The 10 most frequent product_type_names:

2. Basic stats for feature: brand

As in the data, out of 183138 products, brand name is given only for 182987 products. So there are 151 missing values.
There are 10577 unique brands.
The top most brand is “Zago” and is present in 223 rows.
The top 10 brands are:

3. Basic stats for feature: color

64956 products out of 183138 products have color information. That’s approximately 35.4%.
There are 7380 unique colors.
The top most color is black and is found in 13207 products, which is 7.28% of the products.

For 118182 products, color is not specified at all.

4. Basic stats for feature: formatted_price

Only 28395 products out of 183K have information about price, which is roughly about 15.5%.
There are 3135 unique price points.
The top most price point is $19.99 and is present for 945 products.

So, price value is missing for lot of the products and other look sensible.

5. Basic stats for feature: title

Titles are short and very informative.
They are one of the most important feature and we will use it extensively.

They are mostly present for every product, which makes it the best feature.

So, instead of operating on 183K data points, I will be operating on a subset of data points by removing those rows where some data is empty. As operating on 183K dataset is quite computationally expensive and time taking, so we will operate on a subsetof it.

6. Remove rows where formatted_price is null

I removed those rows in the dataset, where formatted_price was null or where price information was not given. I used logical not operation here to find all the formatted_price fields which are not null and stored them in data.

data = data.loc[~data['formatted_price'].isnull()]
print('Number of data points After eliminating price=NULL :', data.shape[0])

Number of data points After eliminating price=NULL : 28395

7. Remove rows where color is null

In the similar way, I removed those rows in the dataset, where color was null or any information about color of the product was not given. I used logical not operation here to find all the color fields which are not null and stored them in data.
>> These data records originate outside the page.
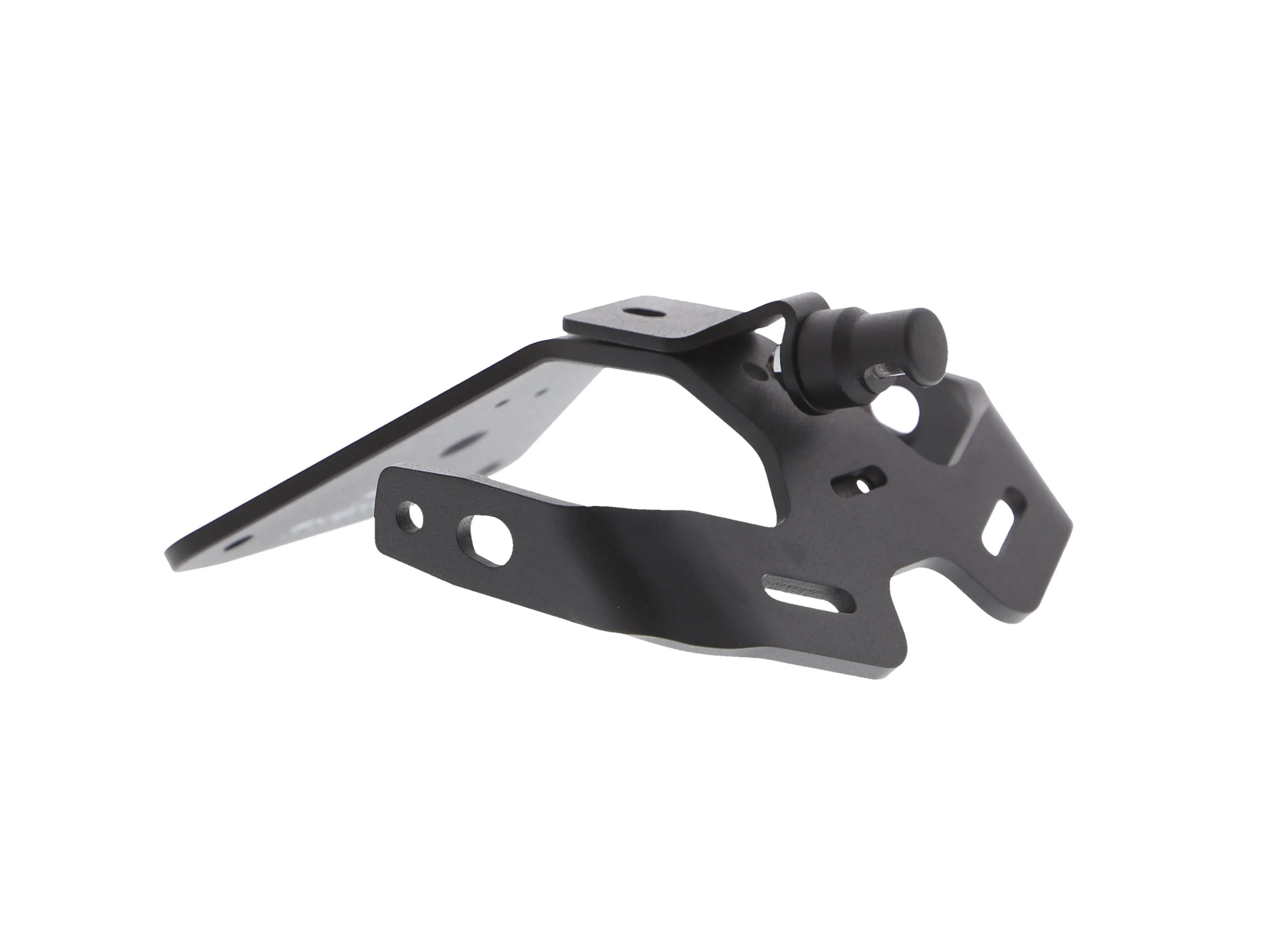 Evotech Aprilia Tuono V4 1100 RR Tail Tidy 2015 - 2016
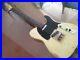 Telecaster_Partscaster_Relic_Project_01_vpt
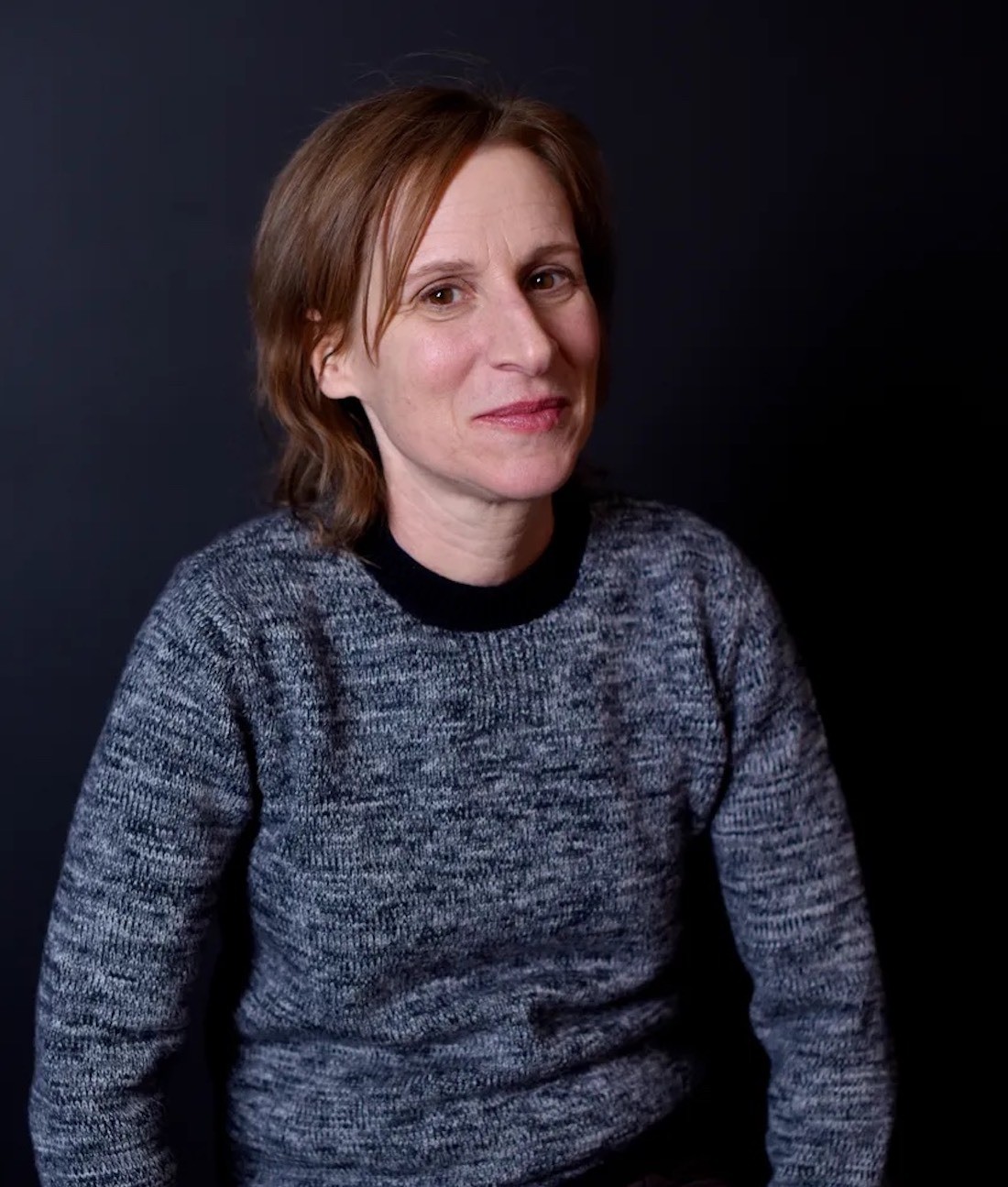 Kelly Reichardt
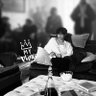 norimi profil fotoğrafı
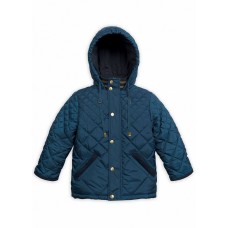 Куртка для мальчиков 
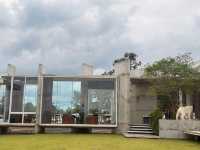  MARsMoon cafe & Restaurant  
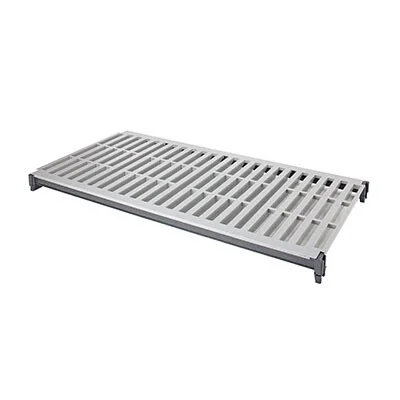 jesrestaurantequipment3282736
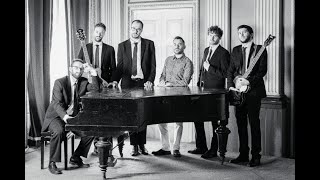 Le Cannonate Band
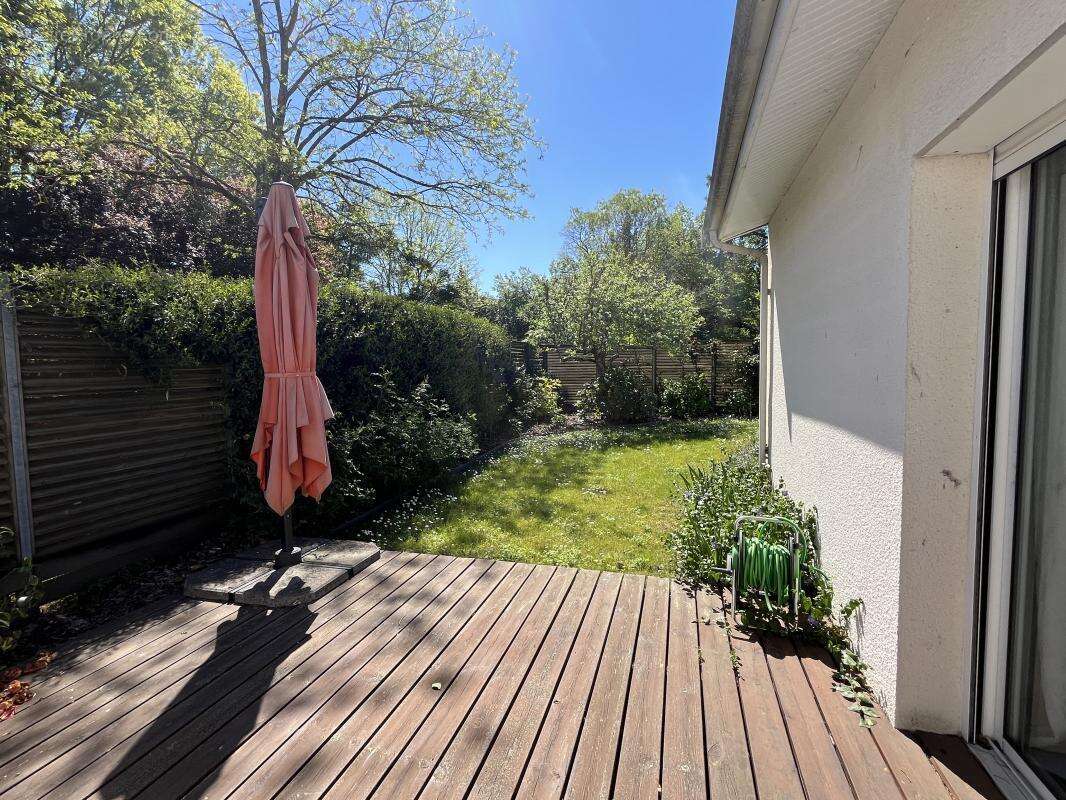 A vendre maison - photo 7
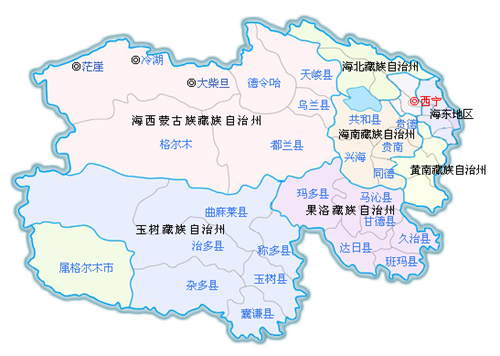 黄南州人口_黄南藏族自治州的人口民族(3)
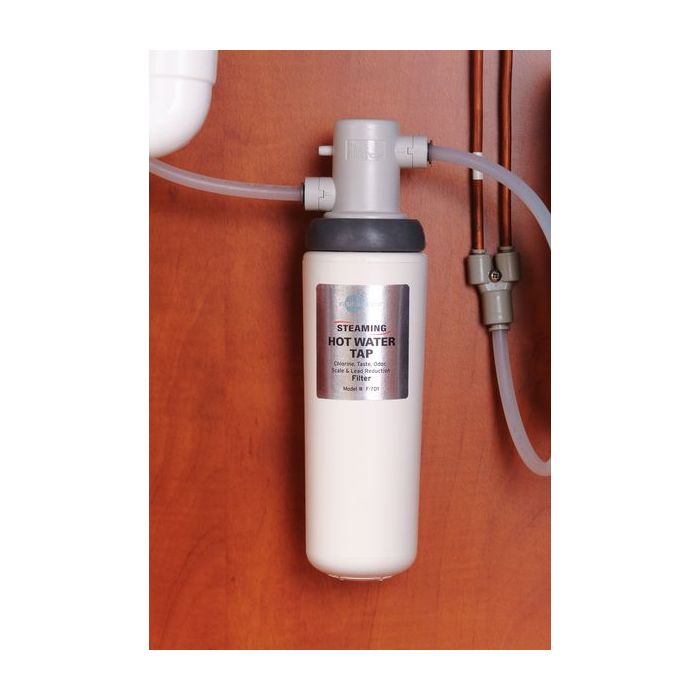 Insinkerator F701r Replacement Water Filters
data =data.loc[~data['color'].isnull()]
print('Number of data points After eliminating color=NULL :', data.shape[0])

Number of data points After eliminating color=NULL : 28385

We brought down the number of data points from 183K to 28K. Those who have time and no computational problem, please feel free to run this case study on 183K dataset.

You can download all these 28K images using this code below. You do not need to run this code anyway unless if you want to download the images too. I have commented this code snippet in my code.

How would we deal with too many NULL values where imputations is hard and the column like price is too important to be dropped ? In such case we will take all the rows without price=null as train data.The rows where price=null is considered as test data. So, we train the model using train data and predict the price for test data as it’s price was null. Now instead of imputation we can replace the null values with the predicted values. There is a another easy way which says fill all the null values with “0”.

Remove Duplicate Items/Products

Remove duplicates : part 1

We have about 28K product at this time.
We need to find the number of products that have duplicate titles or exactly same title. As we know title is one of the most important feature and it is short and informative.

So 2325 products out 28K products have duplicate titles.

Here we can observe these products/Shirts are exactly same in color except different in size maybe(S,M,L,XL). Let’s say, the first image is the query product and we have to find similar products. If we recommend these exact shirts as query product of just different size to the customer , then it leads to bad customer experience because titles are exactly same.
So to avoid bad customer experience, we will remove duplicates.

We can even have example of duplication where products are exactly same but different in color. When one of these images is the query product, it’s not always best to recommend different color product of the same product.
So, in our data there are many duplicate products like the above examples, we need to de-dupe them for better results.

Remove duplicates : part 2

I will remove all products with very few words in title. So if the length of the title is greater than 5, then I will consider it, otherwise I will remove it.

After removal of products with short description: 27949

Now, I will sort the whole data based on title (alphabetical order of title) in the descending order.

Some examples of duplicate titles that differ only in the last few words/suffix.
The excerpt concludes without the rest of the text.